Comparison of processing time for various models. (a) Time under different training set size. (b) Time under different verification set size.

Figure 9(a) displays the time consumption under various training set sizes, and Figure 9(b) displays the time consumption under different validation set sizes. As shown in Figure 9(a), as the training set size increased from Training set 1 to Training set 4, the time consumption of the three models gradually decreased. The DPC time in Training set 1 was about 320 ms, which decreased to about 100 ms in Training set 4. The TSN also decreased from about 300 ms to about 120 ms, while ResNet50 decreased from about 220 ms to about 80 ms. This indicates that a larger training set improves the training efficiency of the model, and more data helps to quickly optimize model parameters, thereby reducing training time. In Figure 9(b), as the validation set size increased from Validation set 1 to Validation set 4, the time consumption significantly increased, especially for the DPC model, which grew from about 100 ms to nearly 400 ms. The TSN increased from about 150 ms to about 300 ms. ResNet50 increased from approximately 50 ms to approximately 200 ms. The increase in validation set size means that more data needs to be inferred and validated, resulting in a significant increase in computational complexity and time consumption. The experimental results indicate that the proposed unsupervised video data preprocessing based on ResNet50 has higher processing efficiency. The actual effects of each model are analyzed, as displayed in Figure 10.

Figure 10

Analysis of actual processing effects of various modes. (a) Original image. (b) DPC. (c) TSN. (d) ResNet50.

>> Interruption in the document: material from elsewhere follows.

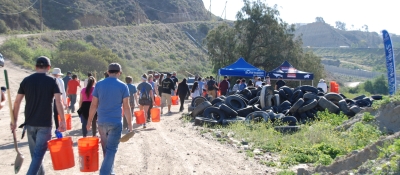 Volunteers carrying buckets and shovels walk toward a large pile of tires.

Figure 10(a) shows the original image, while Figure 10(c) and (d) represent the image processed by DPC, TSN, and ResNet50, respectively. From Figure 10, the DPC model had a good effect on motion target detection, framing the movement positions of athletes. However, there is still some blurring in the overall image, especially in the positions of athletes’ hands and feet. This is because the DPC model captures some motion blur on the time series, but the spatial resolution recovery is insufficient, resulting in blurry image details. The TSN model can not only detect athletes, but also restore image motion blur. Compared with DPC, the contours of athletes are clearer. However, there is still ambiguity in the background section. This is because the TSN model focuses more on action recognition and has some optimization for object detection, but its processing effect on the background is relatively weak. ResNet50 has the highest detection accuracy for athletes, especially in details such as arm and leg positions, which are noticeably clearer. The background blur has also been reduced. This is because the ResNet50 model has stronger ability in spatial feature extraction, which can provide higher resolution and clearer image restoration results. The comprehensive performance of each model is analyzed using validation set and test set data, as displayed in Table 1.

Table 1

Comprehensive performance analysis

Dataset	Model	IoU (%)	PSNR (dB)	SSIM	Time (ms)
Dataset A	DPC	78.5	28.1	0.78	150
	TSN	85.3	32.5	0.85	120
	ResNet50	91.2	35.8	0.92	100
	VGG	84.2	30.2	0.74	112
Dataset B	DPC	76.2	27.4	0.75	160
	TSN	83.1	31.8	0.83	130
	ResNet50	89.5	34.6	0.9	110
	VGG	84.6	31.2	0.87	109
Dataset C	DPC	75.7	21.2	0.71	184
	TSN	81.3	37.3	0.87	153
	ResNet50	92.3	39.3	0.92	107
	VGG	77.3	20.6	0.81	122

According to Table 1, ResNet50 outperformed other models on IoU performance on both datasets, at 91.2 and 89.5%, respectively, indicating its stronger detection capability. TSN closely followed, with IoUs of 85.3, 83.1, and 81.3% on Dataset A, Dataset B, and Dataset C, respectively. The performance was relatively stable. The IoU of the DPC model was relatively low, with 78.5% on Dataset A, 76.2% on Dataset B, and 75.7% on Dataset C. In terms of PSNR, ResNet50 also performed the best, reaching 35.8 dB on Dataset A, 34.6 dB on Dataset B, and 39.3 dB on Dataset C, which was significantly higher than the other two models. This indicates that ResNet50 has good ability in image quality restoration and can perform excellently in image enhancement and denoising processing. The PSNR of the TSN model was 32.5 and 31.8 dB, respectively, with the second highest performance, indicating that its image restoration effect was good. In contrast, the DPC model had lower PSNR on the two datasets, at 28.1 and 27.4 dB, respectively. The ResNet50 model had excellent preprocessing performance.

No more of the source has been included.